Si me permitís emplear un lenguaje feminista en estos tiempos de cabestra corrección política, confesaré: ¡Cuántas veces he regresado sola y borracha a casa!
Y a veces he perdido el camino y he dormido la mona en jardines encantados y camas embrujadas, en corrales, pajares, playas, dunas, barcas… y hasta una vez desperté en la copa de una encina, en maravilloso equilibrio dipsómano mientras unas pajaritas entonaban Las Mañanitas.
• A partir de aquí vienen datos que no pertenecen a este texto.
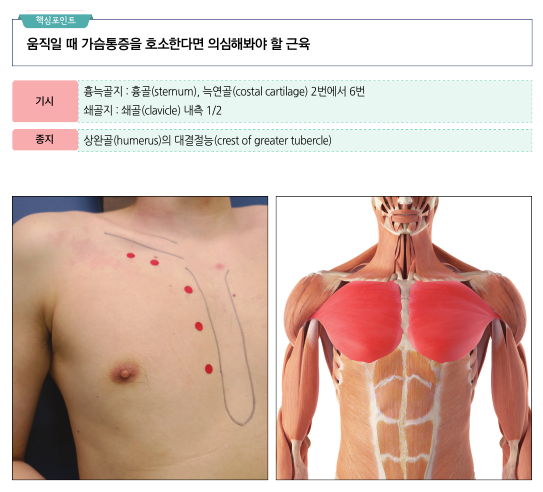 가슴에 해부학적 표시가 된 사람의 상체와 대흉근이 강조된 해부학적 그림
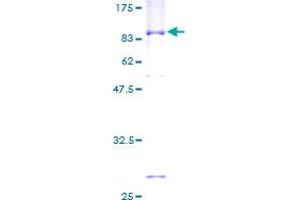 Image no. 1 for TROVE Domain Family, Member 2 (TROVE2) (AA 1-538) protein (GST tag) (ABIN1323809) (TROVE2 Protein (AA 1-538) (GST tag))
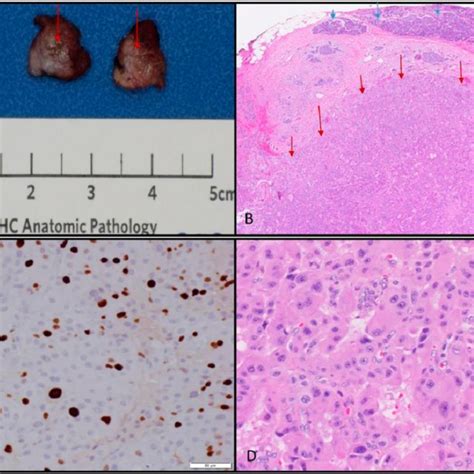 Tuberous Sclerosis Complex And Lymphangioleiomyomatosis Lam In An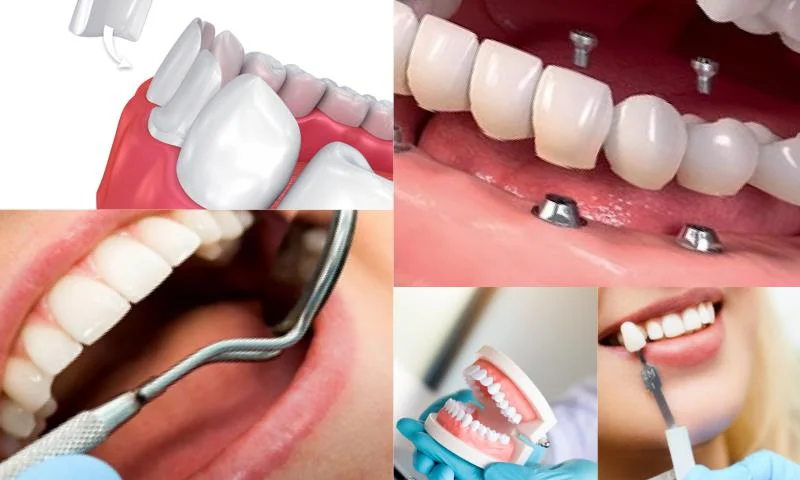 Bozulan Diş Sağlığı ve Estetiğinde Uygulanan Tedavi Yöntemleri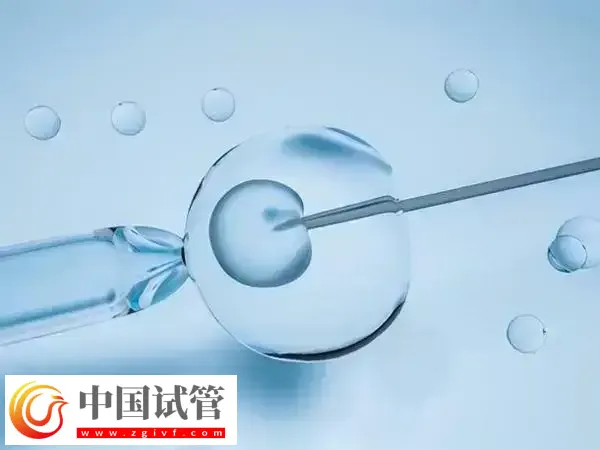 做试管是不是可以提高卵子质量(图1)
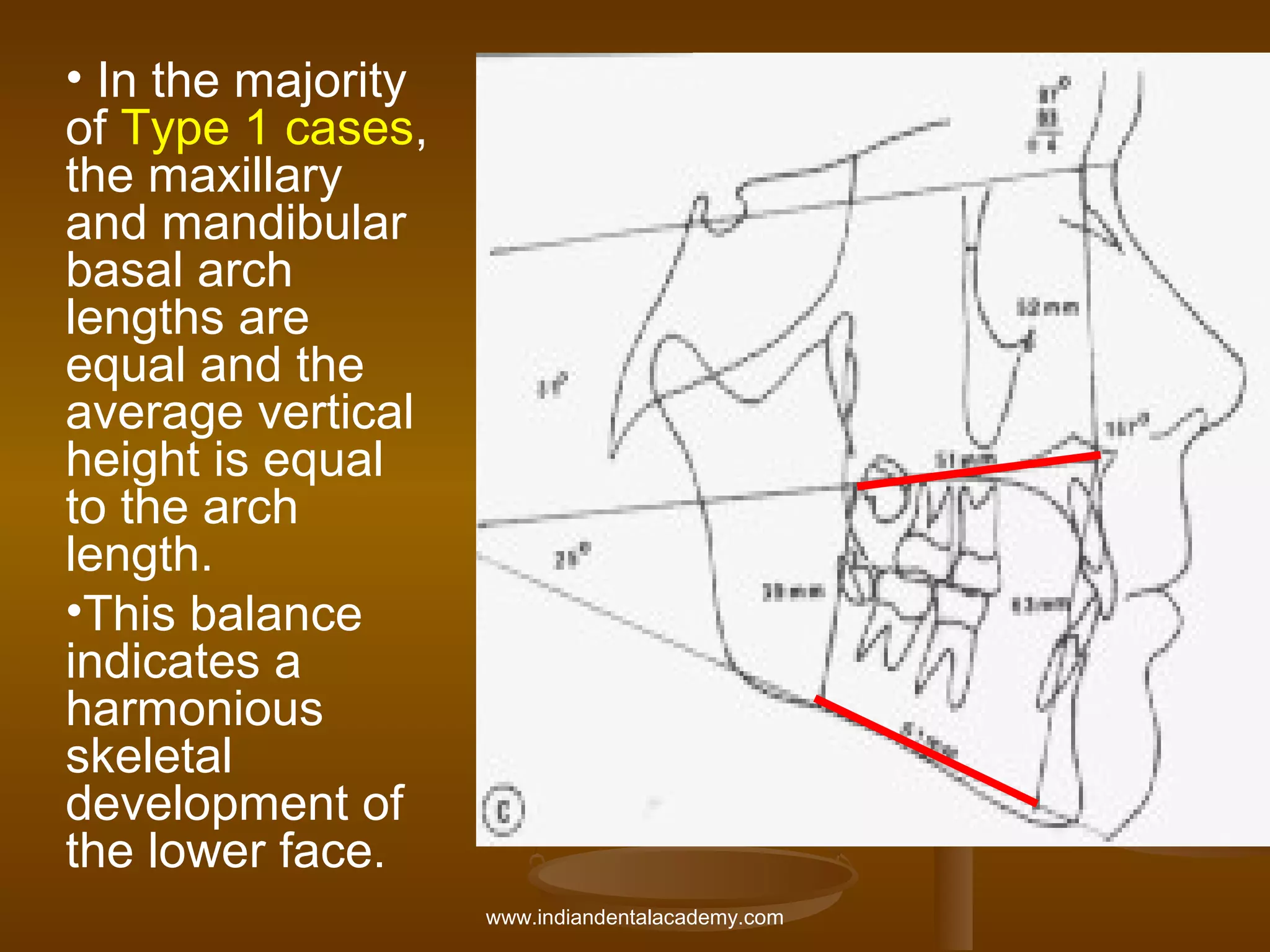 • In the majority
of Type 1 cases,
the maxillary
and mandibular
basal arch
lengths are
equal and the
average vertical
height is equal
to the arch
length.
•This balance
indicates a
harmonious
skeletal
development of
the lower face.
www.indiandentalacademy.com

 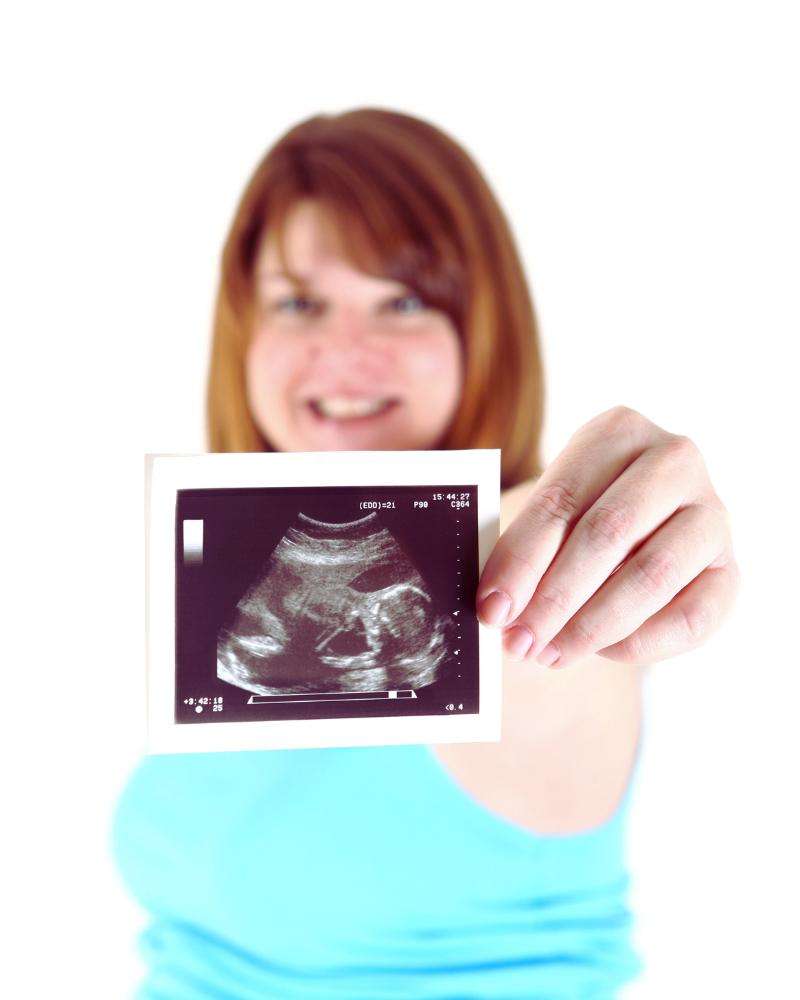 Woman with red hair and a blue shirt showing a close up picture of a sonogram and probably thinking about pregnancy at 43 statistics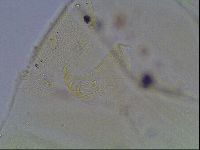 Echiniscus blumi image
Pero que desde un ministerio se aliente a regresar a casa sola y borracha, es algo chocante. Para evitar eso están las amigas, que te quitan las llaves del coche y te acompañan cantando mariachis, que te preparan un caldito o una tostada contundente antes de meterte en la cama, que te arrojan un oportuno cubo de agua fría o incluso te dan alguna pastilla de vitamina B12, que te vigilan mientras la cama se mueve como un balandro en la tormenta y que, tras tanta dulzura y entrega, a la mañana siguiente te cantarán las cuarenta cañones por banda en armonía con los tambores de guerra de la resaca.
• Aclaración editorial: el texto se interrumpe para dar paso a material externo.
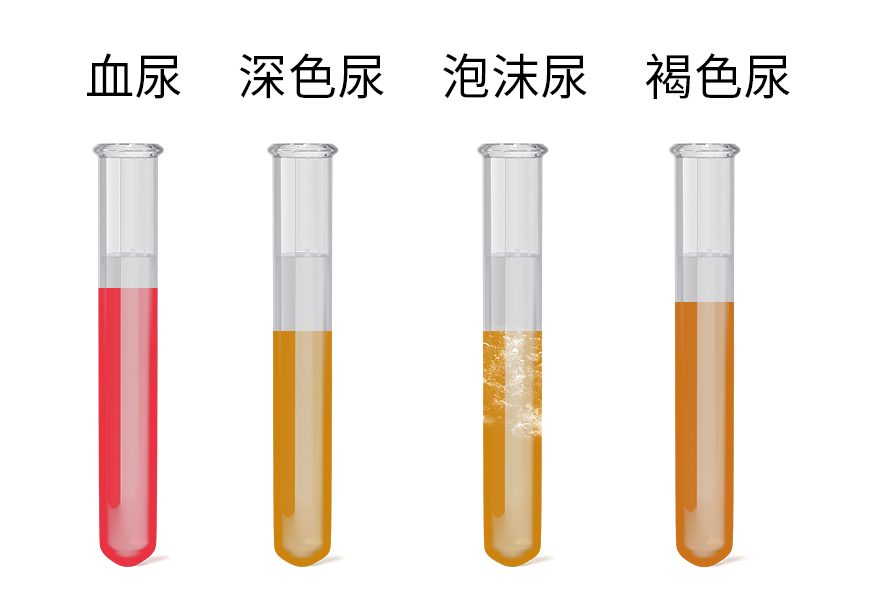 血尿 深色尿  泡沫尿 褐色尿.jpg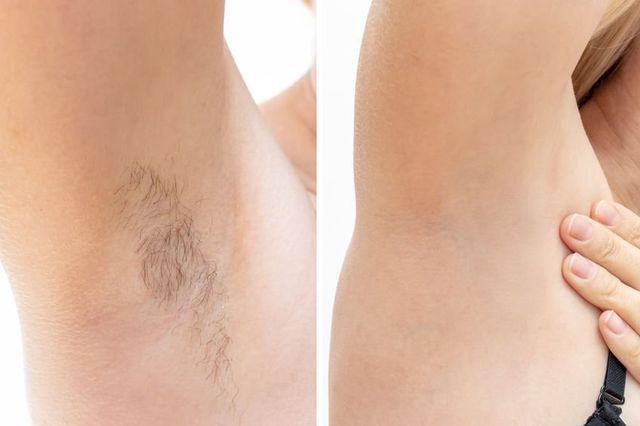 Laser Hair Removal Dualmax Laser Riverside CT Greenwich CT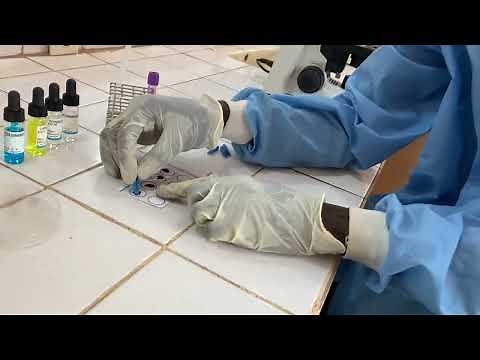 Blood grouping technique erythrocytic method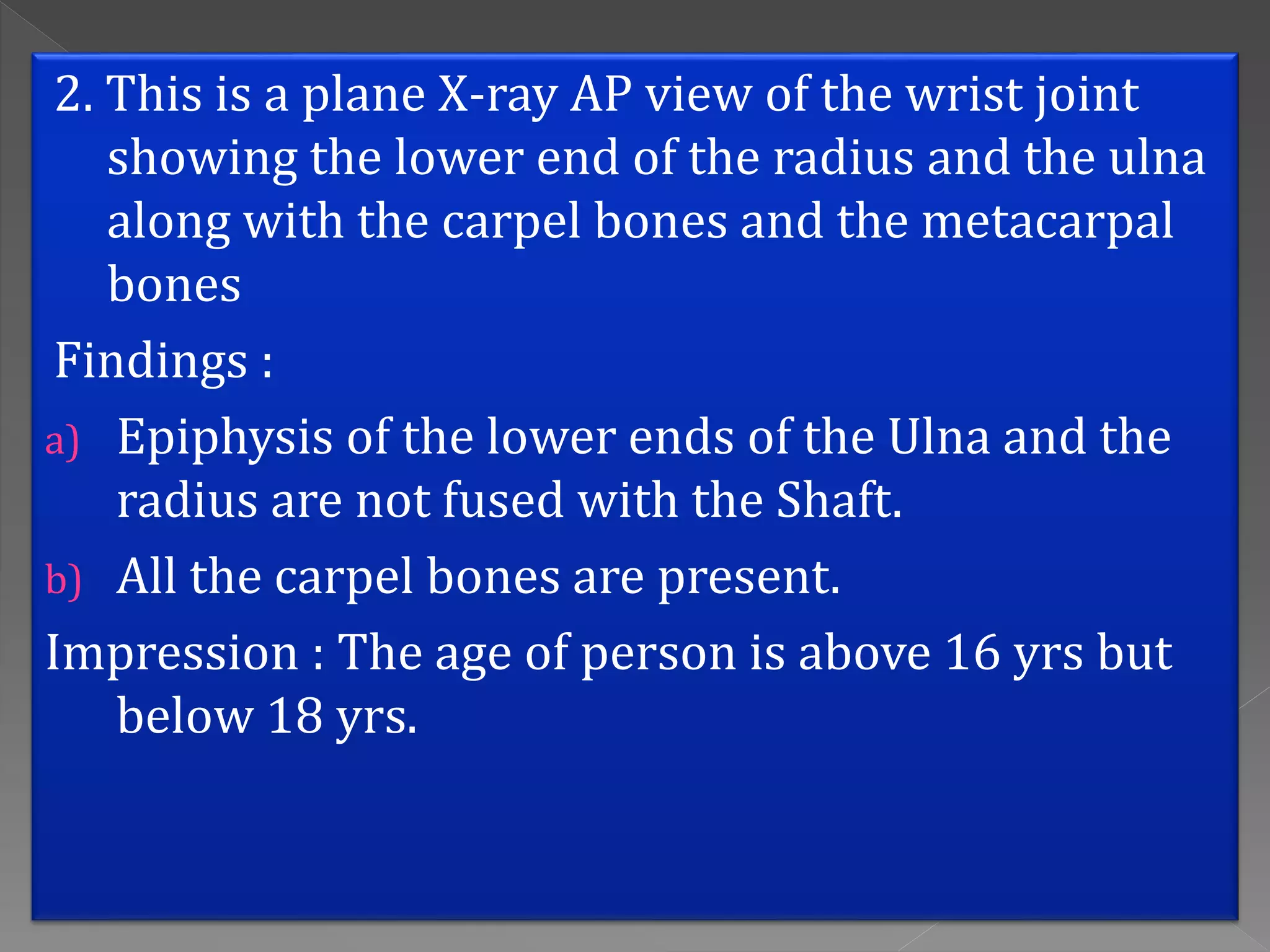 X-ray examination for determination of Age | PPTX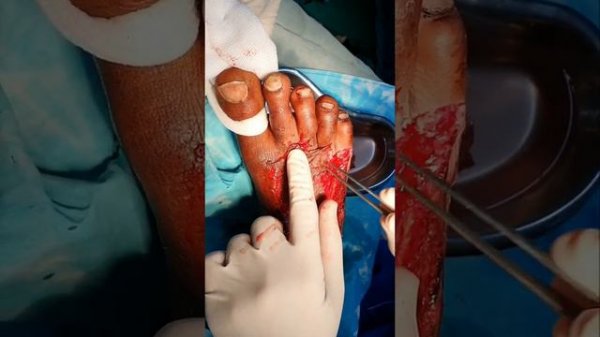 Infected degloving dorsum foot | Debridement and Split thickness skin grafting under SA | Adamya Hs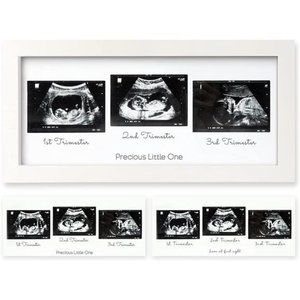 Sonogram Picture Frame - Trio Ultrasound Picture Frames  -  (Alpine White)
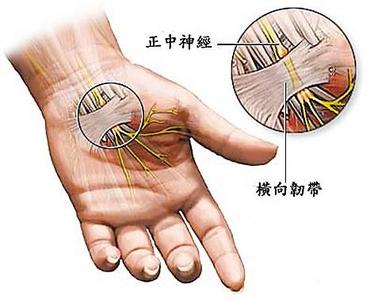 腕管综合征-常用检查方法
Pero es una triste manía esa de beber para emborracharse, propia de hooligans, aunque a veces sea entendible cuando tenemos el corazón roto y nos queremos beber todas las botellas de México al estilo Chavela.


El arte de la copa, la destilación del alcohol, nació en la antigua España con los alquimistas Ramón Llull y Arnau de Vilanova. Alegra el corazón y el gozo por la vida. Si Aristóteles decía que vivir bien es mejor que vivir, yo mantengo que beber bien es mejor que beber.